══ Given data ══

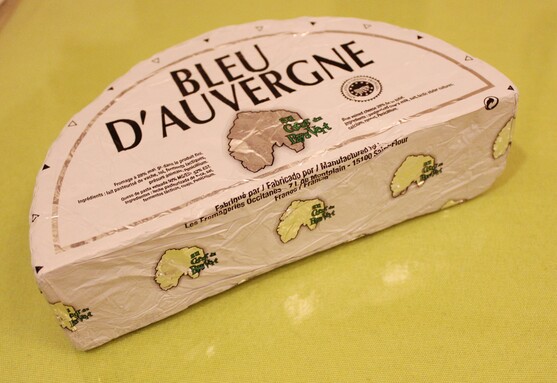 Bleu d'auvergne demi pain aop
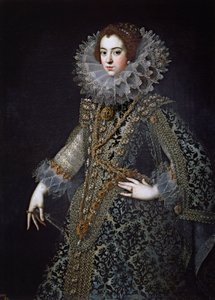 Porträt von Elisabeth von Frankreich, Königin von Spanien von Anonymous Anonymous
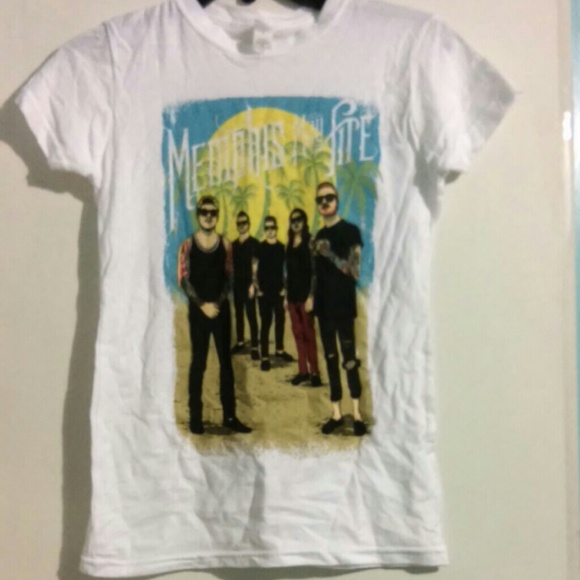 Memphis Mayfire band tee
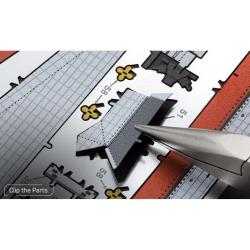 Metal Earth Luxusní ocelová stavebnice USS Midway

═══

◆ **Work item**
Nothing but the pictures may be dropped; restate the material word for word.

◆ **Exercise answer**
 Bleu d'auvergne demi pain aop
 Porträt von Elisabeth von Frankreich, Königin von Spanien von Anonymous Anonymous
 Memphis Mayfire band tee
 Metal Earth Luxusní ocelová stavebnice USS Midway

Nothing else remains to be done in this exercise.